• [Task data]:
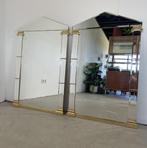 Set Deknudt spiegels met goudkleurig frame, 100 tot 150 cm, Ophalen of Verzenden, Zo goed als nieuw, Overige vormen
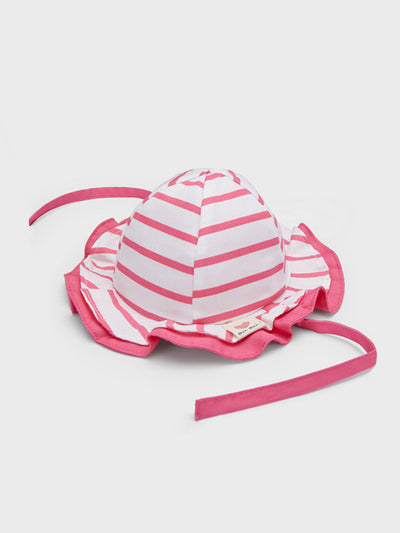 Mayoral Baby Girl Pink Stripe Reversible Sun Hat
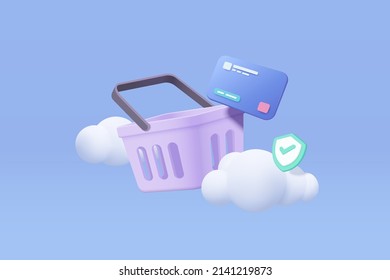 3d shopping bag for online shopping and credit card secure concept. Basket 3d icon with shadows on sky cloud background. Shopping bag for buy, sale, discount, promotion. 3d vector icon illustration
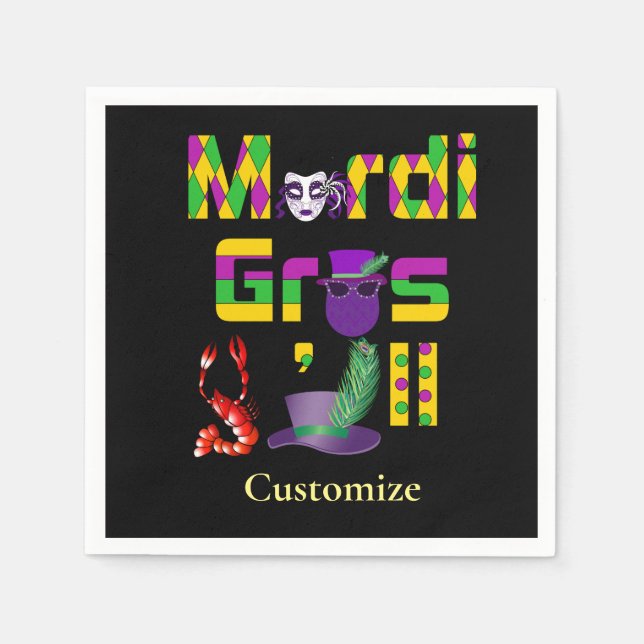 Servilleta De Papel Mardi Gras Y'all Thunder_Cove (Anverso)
...
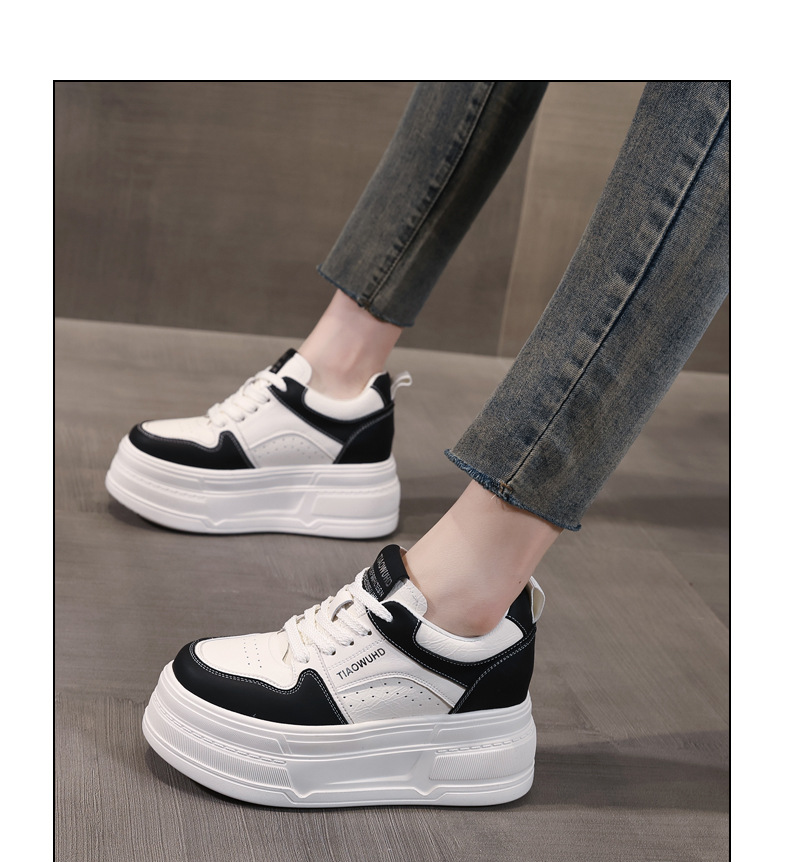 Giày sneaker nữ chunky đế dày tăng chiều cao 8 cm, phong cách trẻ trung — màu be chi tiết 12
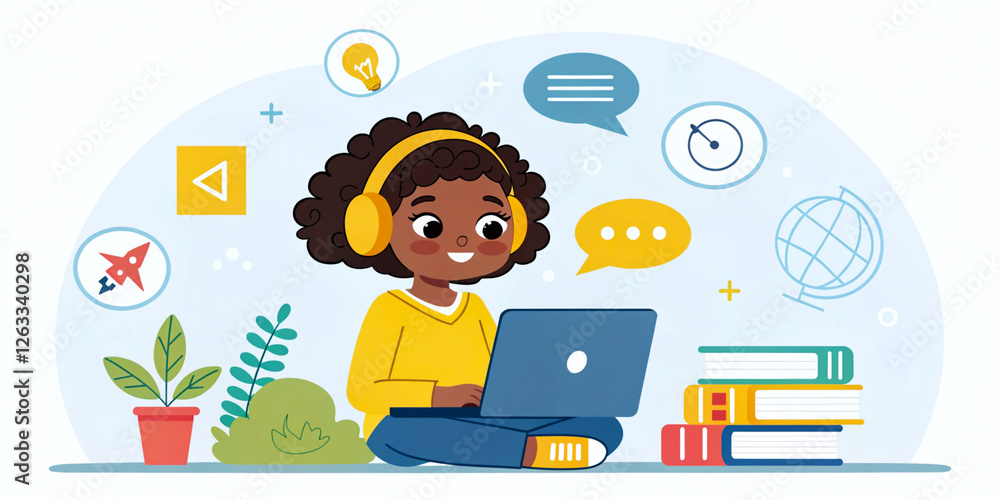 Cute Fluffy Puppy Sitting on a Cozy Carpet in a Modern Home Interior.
==
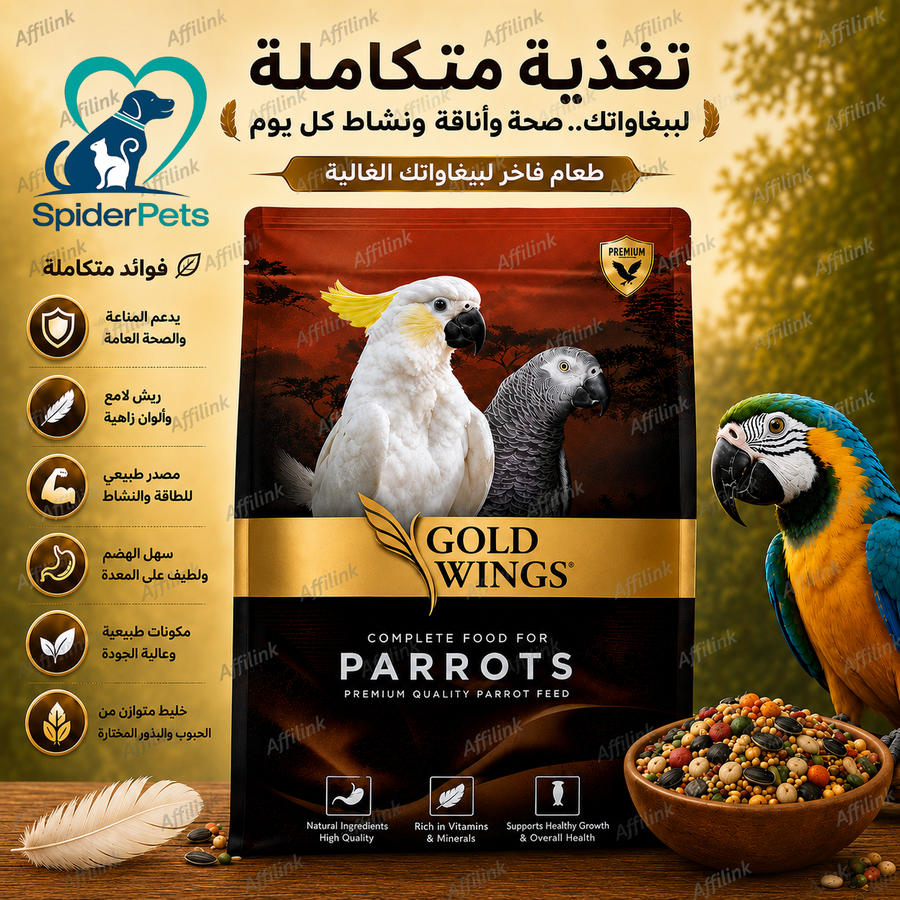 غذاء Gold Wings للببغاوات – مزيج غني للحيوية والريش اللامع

• [Task statement]:
In the records above, find the line with "Giày sneaker nữ". Print exactly from there through the line with "Cute Fluffy Puppy", minus the pictures.

• [Result below]:
 Giày sneaker nữ chunky đế dày tăng chiều cao 8 cm, phong cách trẻ trung — màu be chi tiết 12
 Cute Fluffy Puppy Sitting on a Cozy Carpet in a Modern Home Interior.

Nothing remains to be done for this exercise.